=== TASK INPUTS ===
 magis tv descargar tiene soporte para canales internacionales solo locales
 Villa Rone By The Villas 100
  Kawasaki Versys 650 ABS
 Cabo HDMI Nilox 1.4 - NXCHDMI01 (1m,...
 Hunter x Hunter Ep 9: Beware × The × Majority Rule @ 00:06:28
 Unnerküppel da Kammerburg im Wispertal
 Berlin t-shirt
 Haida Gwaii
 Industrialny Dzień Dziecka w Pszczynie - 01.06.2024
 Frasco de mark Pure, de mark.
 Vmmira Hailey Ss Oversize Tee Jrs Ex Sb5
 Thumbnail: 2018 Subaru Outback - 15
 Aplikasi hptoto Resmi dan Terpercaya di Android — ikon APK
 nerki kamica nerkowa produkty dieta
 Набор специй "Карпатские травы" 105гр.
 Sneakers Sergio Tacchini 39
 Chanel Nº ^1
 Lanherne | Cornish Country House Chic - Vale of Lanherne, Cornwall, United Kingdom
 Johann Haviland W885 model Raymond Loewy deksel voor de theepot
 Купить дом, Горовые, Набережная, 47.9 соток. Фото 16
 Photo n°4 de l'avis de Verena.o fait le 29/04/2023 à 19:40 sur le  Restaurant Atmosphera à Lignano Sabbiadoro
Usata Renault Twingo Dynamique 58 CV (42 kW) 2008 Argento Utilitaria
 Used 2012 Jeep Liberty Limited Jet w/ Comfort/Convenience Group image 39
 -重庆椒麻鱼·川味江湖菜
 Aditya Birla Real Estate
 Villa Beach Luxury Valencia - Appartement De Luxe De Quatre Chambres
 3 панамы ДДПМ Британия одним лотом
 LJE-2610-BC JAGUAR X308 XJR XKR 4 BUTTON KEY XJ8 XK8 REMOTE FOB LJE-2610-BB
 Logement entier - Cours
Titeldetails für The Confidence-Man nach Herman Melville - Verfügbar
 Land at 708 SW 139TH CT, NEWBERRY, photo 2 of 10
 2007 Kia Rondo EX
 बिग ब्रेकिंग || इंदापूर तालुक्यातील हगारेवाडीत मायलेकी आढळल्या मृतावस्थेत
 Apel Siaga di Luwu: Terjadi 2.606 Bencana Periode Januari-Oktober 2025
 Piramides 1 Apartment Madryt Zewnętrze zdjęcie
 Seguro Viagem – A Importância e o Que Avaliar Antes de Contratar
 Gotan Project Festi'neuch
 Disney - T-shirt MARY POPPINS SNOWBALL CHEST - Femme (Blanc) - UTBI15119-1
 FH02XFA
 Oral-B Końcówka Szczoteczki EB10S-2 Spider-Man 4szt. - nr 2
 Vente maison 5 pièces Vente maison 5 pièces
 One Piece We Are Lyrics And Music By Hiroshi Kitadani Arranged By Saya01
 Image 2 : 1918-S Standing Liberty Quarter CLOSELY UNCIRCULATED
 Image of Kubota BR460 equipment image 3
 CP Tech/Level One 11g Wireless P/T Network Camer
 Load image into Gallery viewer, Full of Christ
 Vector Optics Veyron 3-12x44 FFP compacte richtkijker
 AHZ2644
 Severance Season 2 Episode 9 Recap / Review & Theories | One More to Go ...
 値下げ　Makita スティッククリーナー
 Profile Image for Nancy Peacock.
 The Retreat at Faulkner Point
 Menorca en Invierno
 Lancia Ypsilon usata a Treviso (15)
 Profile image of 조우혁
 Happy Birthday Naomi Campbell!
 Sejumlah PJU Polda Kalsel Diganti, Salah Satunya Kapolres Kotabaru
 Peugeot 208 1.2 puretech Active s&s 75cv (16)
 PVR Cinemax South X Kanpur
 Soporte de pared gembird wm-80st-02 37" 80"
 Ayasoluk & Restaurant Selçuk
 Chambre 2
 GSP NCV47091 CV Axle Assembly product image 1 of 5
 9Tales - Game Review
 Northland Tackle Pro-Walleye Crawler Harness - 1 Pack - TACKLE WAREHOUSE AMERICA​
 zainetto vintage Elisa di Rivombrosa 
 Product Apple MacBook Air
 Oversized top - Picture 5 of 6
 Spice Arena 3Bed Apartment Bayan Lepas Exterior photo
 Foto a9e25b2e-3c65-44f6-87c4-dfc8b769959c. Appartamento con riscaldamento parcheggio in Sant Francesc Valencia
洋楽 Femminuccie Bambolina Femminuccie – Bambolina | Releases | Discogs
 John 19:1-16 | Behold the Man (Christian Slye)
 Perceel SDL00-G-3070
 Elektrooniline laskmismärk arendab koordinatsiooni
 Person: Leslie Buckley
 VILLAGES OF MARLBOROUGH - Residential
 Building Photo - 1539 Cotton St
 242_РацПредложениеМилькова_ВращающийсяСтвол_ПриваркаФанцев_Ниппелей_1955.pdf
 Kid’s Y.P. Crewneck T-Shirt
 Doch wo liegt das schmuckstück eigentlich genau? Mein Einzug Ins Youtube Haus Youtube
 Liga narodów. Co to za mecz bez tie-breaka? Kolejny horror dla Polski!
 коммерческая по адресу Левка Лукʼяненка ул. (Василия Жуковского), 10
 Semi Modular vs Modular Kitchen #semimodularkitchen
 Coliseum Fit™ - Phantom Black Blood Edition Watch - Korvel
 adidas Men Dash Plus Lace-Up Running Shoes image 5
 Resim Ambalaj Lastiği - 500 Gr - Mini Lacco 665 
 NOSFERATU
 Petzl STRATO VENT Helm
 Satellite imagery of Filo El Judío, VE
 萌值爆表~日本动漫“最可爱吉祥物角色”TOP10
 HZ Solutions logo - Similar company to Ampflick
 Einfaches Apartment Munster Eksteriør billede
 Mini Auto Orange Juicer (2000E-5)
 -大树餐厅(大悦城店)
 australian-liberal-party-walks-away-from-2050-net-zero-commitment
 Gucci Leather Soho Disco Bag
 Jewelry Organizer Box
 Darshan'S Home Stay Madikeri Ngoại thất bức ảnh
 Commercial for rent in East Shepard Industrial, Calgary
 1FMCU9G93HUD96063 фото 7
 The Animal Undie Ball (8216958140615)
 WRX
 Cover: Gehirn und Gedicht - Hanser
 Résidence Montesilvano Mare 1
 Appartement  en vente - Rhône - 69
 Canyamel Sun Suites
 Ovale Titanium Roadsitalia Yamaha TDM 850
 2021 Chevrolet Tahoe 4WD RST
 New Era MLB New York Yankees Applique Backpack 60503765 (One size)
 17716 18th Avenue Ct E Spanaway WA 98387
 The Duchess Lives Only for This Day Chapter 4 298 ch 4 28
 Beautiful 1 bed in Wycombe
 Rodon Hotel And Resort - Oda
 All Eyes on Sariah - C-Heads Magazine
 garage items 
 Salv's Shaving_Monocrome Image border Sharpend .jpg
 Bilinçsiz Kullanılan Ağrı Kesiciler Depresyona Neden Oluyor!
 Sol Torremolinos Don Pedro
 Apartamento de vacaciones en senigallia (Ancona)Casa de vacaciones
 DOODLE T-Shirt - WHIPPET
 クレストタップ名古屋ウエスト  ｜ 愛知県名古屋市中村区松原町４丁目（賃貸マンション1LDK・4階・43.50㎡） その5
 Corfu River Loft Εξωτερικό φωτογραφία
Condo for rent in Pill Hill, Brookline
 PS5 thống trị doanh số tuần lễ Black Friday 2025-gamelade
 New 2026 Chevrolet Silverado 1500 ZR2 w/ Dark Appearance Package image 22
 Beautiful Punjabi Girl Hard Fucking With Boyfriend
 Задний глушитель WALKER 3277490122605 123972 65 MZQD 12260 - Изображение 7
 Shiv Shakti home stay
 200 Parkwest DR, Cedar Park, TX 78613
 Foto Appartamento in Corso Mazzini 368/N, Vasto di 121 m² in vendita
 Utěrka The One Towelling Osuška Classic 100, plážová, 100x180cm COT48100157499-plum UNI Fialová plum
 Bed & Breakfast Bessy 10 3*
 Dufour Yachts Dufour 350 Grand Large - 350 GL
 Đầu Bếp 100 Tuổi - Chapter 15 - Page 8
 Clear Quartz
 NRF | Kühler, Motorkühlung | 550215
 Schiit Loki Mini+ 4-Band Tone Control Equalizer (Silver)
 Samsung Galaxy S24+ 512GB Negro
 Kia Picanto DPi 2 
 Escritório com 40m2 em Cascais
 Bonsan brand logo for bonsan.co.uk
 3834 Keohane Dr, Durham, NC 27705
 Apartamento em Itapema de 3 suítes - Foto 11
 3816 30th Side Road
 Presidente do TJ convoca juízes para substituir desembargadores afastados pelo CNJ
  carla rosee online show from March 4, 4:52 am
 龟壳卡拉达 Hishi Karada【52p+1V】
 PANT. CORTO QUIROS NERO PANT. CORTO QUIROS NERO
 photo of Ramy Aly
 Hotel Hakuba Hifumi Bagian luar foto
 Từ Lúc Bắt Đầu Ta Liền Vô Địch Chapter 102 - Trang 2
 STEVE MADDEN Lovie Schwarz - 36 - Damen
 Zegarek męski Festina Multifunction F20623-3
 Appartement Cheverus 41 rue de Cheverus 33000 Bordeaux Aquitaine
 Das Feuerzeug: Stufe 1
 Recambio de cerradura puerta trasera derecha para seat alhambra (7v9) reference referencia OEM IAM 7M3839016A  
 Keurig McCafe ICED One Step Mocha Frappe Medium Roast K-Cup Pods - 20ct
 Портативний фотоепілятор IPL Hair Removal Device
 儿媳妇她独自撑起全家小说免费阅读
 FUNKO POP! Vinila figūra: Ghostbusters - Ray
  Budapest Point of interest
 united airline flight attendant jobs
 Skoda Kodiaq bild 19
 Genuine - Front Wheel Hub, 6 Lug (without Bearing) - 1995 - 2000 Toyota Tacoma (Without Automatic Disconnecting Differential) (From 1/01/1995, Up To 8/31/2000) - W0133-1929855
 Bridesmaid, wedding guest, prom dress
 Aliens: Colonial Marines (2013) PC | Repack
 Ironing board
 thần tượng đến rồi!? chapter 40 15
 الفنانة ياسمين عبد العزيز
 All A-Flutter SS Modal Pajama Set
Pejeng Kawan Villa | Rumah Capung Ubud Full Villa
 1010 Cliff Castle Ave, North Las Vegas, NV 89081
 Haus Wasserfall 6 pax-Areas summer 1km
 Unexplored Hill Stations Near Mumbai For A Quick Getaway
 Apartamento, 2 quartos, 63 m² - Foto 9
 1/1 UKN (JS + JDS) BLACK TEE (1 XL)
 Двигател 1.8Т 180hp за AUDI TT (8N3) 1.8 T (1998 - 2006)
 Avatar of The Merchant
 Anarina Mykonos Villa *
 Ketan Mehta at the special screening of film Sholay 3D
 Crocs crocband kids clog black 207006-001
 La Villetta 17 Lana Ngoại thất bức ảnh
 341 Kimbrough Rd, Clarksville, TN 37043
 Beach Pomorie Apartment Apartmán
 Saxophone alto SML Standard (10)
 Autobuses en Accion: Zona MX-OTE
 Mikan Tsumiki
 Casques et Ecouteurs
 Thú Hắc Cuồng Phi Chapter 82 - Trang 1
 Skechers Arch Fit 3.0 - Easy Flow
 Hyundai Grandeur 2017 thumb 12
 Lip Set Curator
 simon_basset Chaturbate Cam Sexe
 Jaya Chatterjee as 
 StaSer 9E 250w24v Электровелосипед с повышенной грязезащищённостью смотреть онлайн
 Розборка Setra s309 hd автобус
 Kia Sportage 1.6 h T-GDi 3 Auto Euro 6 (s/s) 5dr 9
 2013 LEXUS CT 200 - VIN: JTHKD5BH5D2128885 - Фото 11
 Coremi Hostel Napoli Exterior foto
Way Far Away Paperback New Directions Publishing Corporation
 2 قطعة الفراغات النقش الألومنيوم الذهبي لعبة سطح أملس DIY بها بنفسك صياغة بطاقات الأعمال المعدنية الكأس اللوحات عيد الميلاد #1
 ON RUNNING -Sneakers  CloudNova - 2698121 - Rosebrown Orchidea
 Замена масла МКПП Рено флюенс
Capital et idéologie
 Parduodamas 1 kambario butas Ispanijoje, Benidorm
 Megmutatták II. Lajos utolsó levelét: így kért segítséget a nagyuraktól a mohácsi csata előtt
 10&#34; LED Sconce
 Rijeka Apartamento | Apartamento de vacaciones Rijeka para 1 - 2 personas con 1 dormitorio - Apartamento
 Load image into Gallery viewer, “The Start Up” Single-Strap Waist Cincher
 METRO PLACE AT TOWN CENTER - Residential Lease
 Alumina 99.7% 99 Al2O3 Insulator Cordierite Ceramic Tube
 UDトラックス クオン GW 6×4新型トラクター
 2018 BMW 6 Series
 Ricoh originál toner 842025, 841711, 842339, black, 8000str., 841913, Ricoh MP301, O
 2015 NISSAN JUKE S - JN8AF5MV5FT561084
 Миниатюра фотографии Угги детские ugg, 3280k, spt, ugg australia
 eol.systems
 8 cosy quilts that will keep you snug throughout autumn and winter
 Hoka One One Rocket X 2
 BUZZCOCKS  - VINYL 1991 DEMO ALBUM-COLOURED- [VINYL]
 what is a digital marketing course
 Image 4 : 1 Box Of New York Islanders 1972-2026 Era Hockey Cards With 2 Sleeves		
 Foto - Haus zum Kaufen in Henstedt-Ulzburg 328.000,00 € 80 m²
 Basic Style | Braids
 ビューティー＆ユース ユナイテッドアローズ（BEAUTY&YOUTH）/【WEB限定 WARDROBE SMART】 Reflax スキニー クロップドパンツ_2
===
### EXERCISE DIRECTIONS
Up to and including the line that contains "Load image into Gallery viewer, Full", output the records above exactly, beginning with their first line.

### FINISHED EXERCISE
 magis tv descargar tiene soporte para canales internacionales solo locales
 Villa Rone By The Villas 100
  Kawasaki Versys 650 ABS
 Cabo HDMI Nilox 1.4 - NXCHDMI01 (1m,...
 Hunter x Hunter Ep 9: Beware × The × Majority Rule @ 00:06:28
 Unnerküppel da Kammerburg im Wispertal
 Berlin t-shirt
 Haida Gwaii
 Industrialny Dzień Dziecka w Pszczynie - 01.06.2024
 Frasco de mark Pure, de mark.
 Vmmira Hailey Ss Oversize Tee Jrs Ex Sb5
 Thumbnail: 2018 Subaru Outback - 15
 Aplikasi hptoto Resmi dan Terpercaya di Android — ikon APK
 nerki kamica nerkowa produkty dieta
 Набор специй "Карпатские травы" 105гр.
 Sneakers Sergio Tacchini 39
 Chanel Nº ^1
 Lanherne | Cornish Country House Chic - Vale of Lanherne, Cornwall, United Kingdom
 Johann Haviland W885 model Raymond Loewy deksel voor de theepot
 Купить дом, Горовые, Набережная, 47.9 соток. Фото 16
 Photo n°4 de l'avis de Verena.o fait le 29/04/2023 à 19:40 sur le  Restaurant Atmosphera à Lignano Sabbiadoro
Usata Renault Twingo Dynamique 58 CV (42 kW) 2008 Argento Utilitaria
 Used 2012 Jeep Liberty Limited Jet w/ Comfort/Convenience Group image 39
 -重庆椒麻鱼·川味江湖菜
 Aditya Birla Real Estate
 Villa Beach Luxury Valencia - Appartement De Luxe De Quatre Chambres
 3 панамы ДДПМ Британия одним лотом
 LJE-2610-BC JAGUAR X308 XJR XKR 4 BUTTON KEY XJ8 XK8 REMOTE FOB LJE-2610-BB
 Logement entier - Cours
Titeldetails für The Confidence-Man nach Herman Melville - Verfügbar
 Land at 708 SW 139TH CT, NEWBERRY, photo 2 of 10
 2007 Kia Rondo EX
 बिग ब्रेकिंग || इंदापूर तालुक्यातील हगारेवाडीत मायलेकी आढळल्या मृतावस्थेत
 Apel Siaga di Luwu: Terjadi 2.606 Bencana Periode Januari-Oktober 2025
 Piramides 1 Apartment Madryt Zewnętrze zdjęcie
 Seguro Viagem – A Importância e o Que Avaliar Antes de Contratar
 Gotan Project Festi'neuch
 Disney - T-shirt MARY POPPINS SNOWBALL CHEST - Femme (Blanc) - UTBI15119-1
 FH02XFA
 Oral-B Końcówka Szczoteczki EB10S-2 Spider-Man 4szt. - nr 2
 Vente maison 5 pièces Vente maison 5 pièces
 One Piece We Are Lyrics And Music By Hiroshi Kitadani Arranged By Saya01
 Image 2 : 1918-S Standing Liberty Quarter CLOSELY UNCIRCULATED
 Image of Kubota BR460 equipment image 3
 CP Tech/Level One 11g Wireless P/T Network Camer
 Load image into Gallery viewer, Full of Christ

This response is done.